:: MATERIAL FOR THE TASK

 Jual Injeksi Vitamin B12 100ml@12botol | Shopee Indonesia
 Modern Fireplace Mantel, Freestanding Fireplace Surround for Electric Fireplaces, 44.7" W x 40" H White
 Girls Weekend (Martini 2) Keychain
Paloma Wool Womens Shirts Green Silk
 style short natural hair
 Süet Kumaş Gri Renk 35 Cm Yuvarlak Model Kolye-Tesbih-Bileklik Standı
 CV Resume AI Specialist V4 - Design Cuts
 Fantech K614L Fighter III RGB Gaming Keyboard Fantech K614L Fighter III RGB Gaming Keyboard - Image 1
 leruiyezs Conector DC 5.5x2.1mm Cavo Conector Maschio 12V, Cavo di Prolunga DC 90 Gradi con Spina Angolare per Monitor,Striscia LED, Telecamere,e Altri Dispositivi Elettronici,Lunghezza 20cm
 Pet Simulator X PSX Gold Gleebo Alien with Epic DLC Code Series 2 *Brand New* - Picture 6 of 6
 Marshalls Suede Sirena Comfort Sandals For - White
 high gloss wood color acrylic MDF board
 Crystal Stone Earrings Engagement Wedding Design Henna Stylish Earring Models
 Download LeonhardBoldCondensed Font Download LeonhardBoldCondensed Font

::::
:: MATERIAL FOR THE TASK

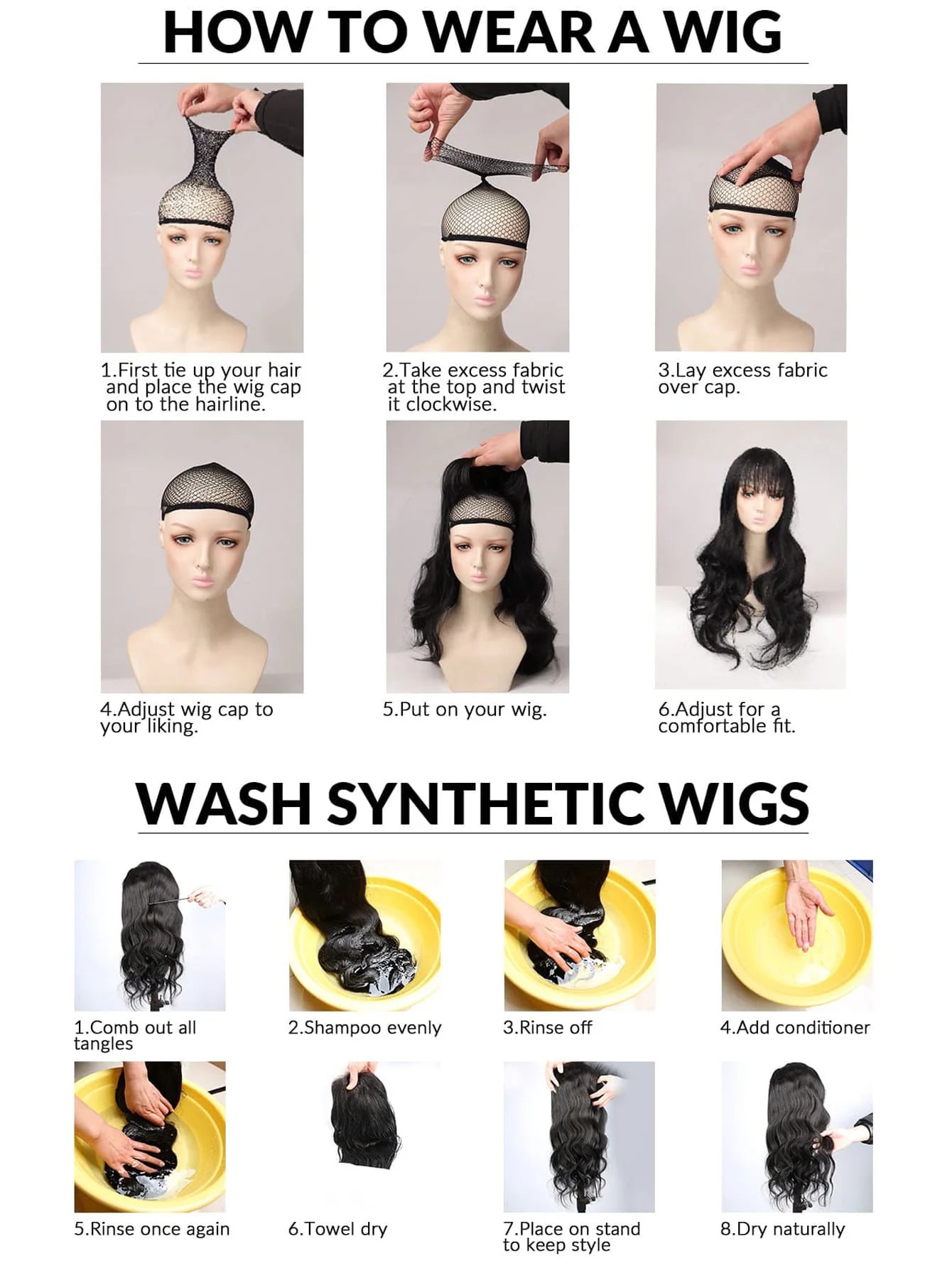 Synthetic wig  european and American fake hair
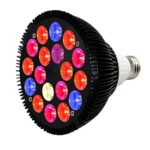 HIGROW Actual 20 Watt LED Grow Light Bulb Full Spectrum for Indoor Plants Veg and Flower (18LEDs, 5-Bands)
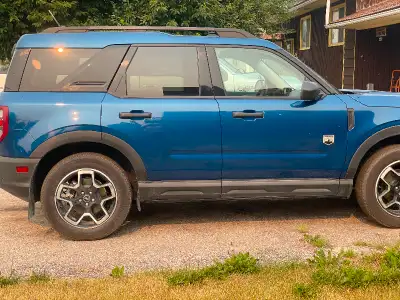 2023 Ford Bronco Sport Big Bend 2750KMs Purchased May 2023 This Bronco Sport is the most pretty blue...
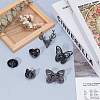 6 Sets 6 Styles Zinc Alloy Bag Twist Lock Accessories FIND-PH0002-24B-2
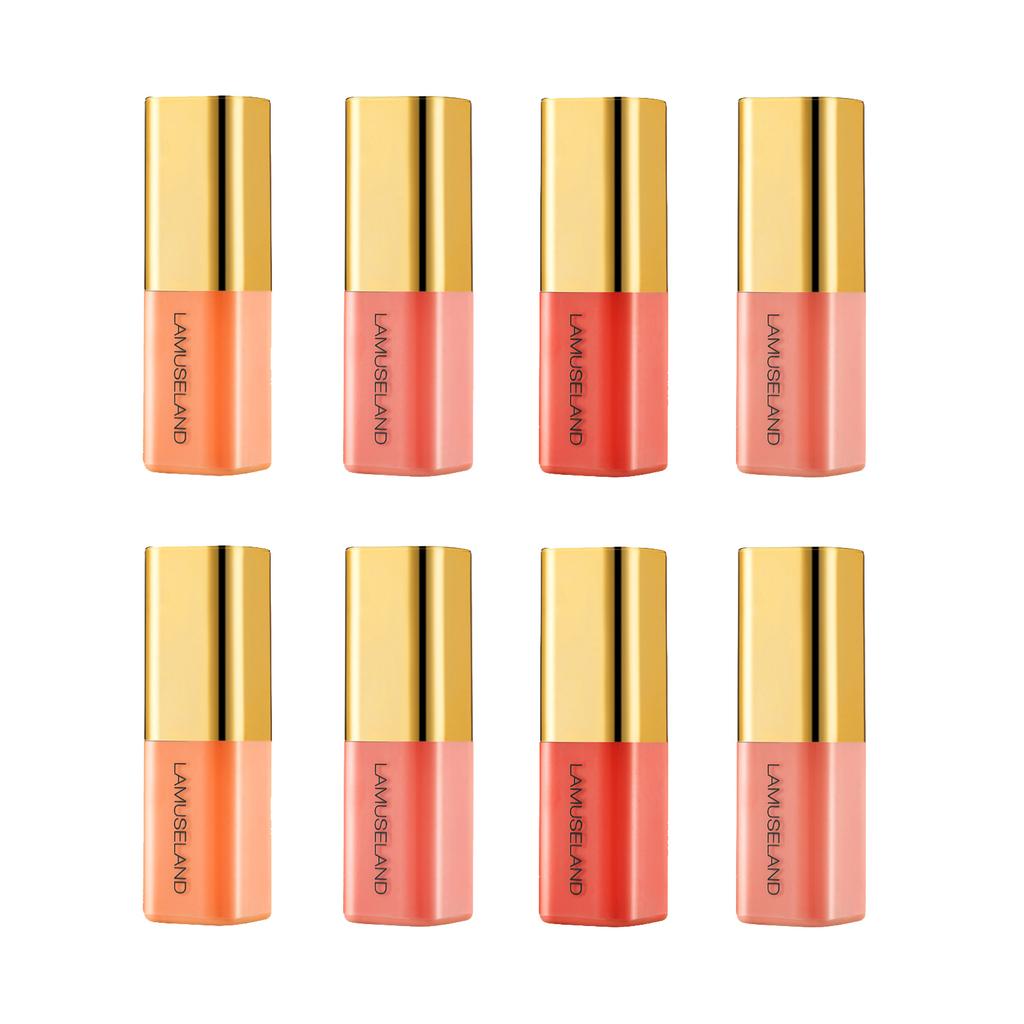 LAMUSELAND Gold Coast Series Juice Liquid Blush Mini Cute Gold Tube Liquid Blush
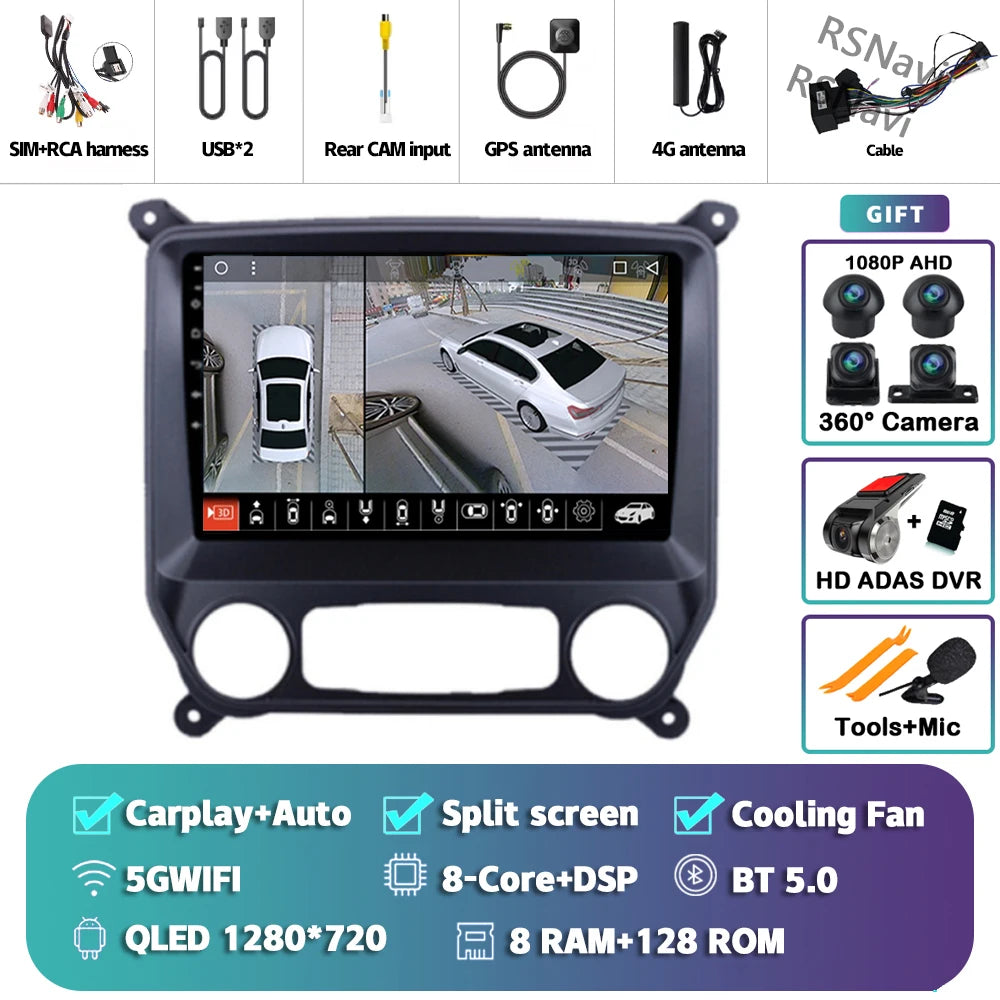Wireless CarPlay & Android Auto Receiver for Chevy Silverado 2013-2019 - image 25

::::
:: MATERIAL FOR THE TASK

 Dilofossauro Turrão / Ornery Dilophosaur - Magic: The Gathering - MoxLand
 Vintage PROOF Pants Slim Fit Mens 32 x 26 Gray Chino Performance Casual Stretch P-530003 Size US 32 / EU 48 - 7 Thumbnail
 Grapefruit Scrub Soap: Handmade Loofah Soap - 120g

::::

§ **PROBLEM DETAILS**: For this exercise, please output exactly the lines above starting at the line with "Vintage PROOF Pants" and ending at the line with "Grapefruit Scrub Soap: Handmade", ends included.

§ **YOUR SOLUTION**:
 Vintage PROOF Pants Slim Fit Mens 32 x 26 Gray Chino Performance Casual Stretch P-530003 Size US 32 / EU 48 - 7 Thumbnail
 Grapefruit Scrub Soap: Handmade Loofah Soap - 120g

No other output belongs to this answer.